Tagged in: Therapy

Jann’s Story

Jann Simmons is Native American, a mother, a grandmother, a speaker, a podcaster, an author, and a survivor of childhood sexual abuse.

Jann first shared her story before a packed audience when she and her daughter were guest speakers at a national conference. At the conclusion, she was surprised to receive a standing ovation. At a book signing afterward, she was approached by a young man asking if he could talk to her for a moment. He went on to say he was a counselor but was considering quitting his job since he didn’t feel he had an impact on his clients.

Jann responded to the man, “My therapist has no idea I speak, have written a book, and am thriving now. She has no idea her words still influence my daily life.”

He replied by saying, “Because of your story and the hope that you give, I now know this work is exactly what I have to do. My belief in the therapeutic process has now shifted due to your story.”

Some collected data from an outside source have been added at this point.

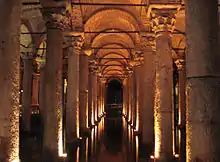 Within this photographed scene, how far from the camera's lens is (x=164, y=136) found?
838 cm

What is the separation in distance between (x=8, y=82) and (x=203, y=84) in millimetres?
3315

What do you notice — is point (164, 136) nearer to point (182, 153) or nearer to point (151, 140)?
point (182, 153)

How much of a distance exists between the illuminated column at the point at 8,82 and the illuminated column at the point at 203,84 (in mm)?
3054

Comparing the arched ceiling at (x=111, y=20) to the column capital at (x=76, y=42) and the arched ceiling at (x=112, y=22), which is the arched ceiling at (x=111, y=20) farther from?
the column capital at (x=76, y=42)

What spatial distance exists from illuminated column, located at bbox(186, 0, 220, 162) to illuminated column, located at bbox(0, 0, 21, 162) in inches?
120

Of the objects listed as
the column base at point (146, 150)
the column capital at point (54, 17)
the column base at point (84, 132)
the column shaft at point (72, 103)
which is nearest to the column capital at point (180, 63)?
the column base at point (84, 132)

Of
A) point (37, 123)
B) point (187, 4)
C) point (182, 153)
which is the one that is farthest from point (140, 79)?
point (37, 123)

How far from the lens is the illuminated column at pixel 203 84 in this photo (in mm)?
4047

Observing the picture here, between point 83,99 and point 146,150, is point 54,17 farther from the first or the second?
point 83,99

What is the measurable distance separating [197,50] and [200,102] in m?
0.81

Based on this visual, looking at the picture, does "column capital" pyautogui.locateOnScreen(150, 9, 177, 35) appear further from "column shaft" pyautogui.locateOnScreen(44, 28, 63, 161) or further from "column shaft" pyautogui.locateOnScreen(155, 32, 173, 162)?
"column shaft" pyautogui.locateOnScreen(44, 28, 63, 161)

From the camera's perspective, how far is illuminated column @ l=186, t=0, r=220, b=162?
A: 4.05 m

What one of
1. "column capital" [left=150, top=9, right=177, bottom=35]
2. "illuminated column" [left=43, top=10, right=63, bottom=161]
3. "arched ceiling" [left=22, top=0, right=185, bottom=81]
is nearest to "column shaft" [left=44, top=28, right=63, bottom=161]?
"illuminated column" [left=43, top=10, right=63, bottom=161]

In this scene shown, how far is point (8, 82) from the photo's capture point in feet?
15.9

After many more affirmations from the audience, Jann knew right then and there that her story inspired and provided hope. Her experience sharing her story motivated her to continue.

Jann shared how writing "Which Way? One Woman's Traumatic Journey and her Daughter's Explanation of how to turn Pain into Power" with her daughter Shari affected her healing journey: “It was difficult at first. Writing a book about the abuse I endured required that I mentally go back to each event. I had to remember the sights, the smells, the feelings, the surroundings, the perpetrators, and … the pain! A writer must be able to describe in detail to the reader exactly what is happening. This allows the reader to be drawn into the moment with you. Through my years of therapy, I had never actually gone to this depth of my abuse, and it was excruciating.”

Jann and Shari spent months writing their own separate chapters of the book and regularly came together to read their drafts to see how it flowed. It was challenging and emotional. Jann’s daughter also struggled with her emotions as she learned so much more about her mother’s abuses as a child.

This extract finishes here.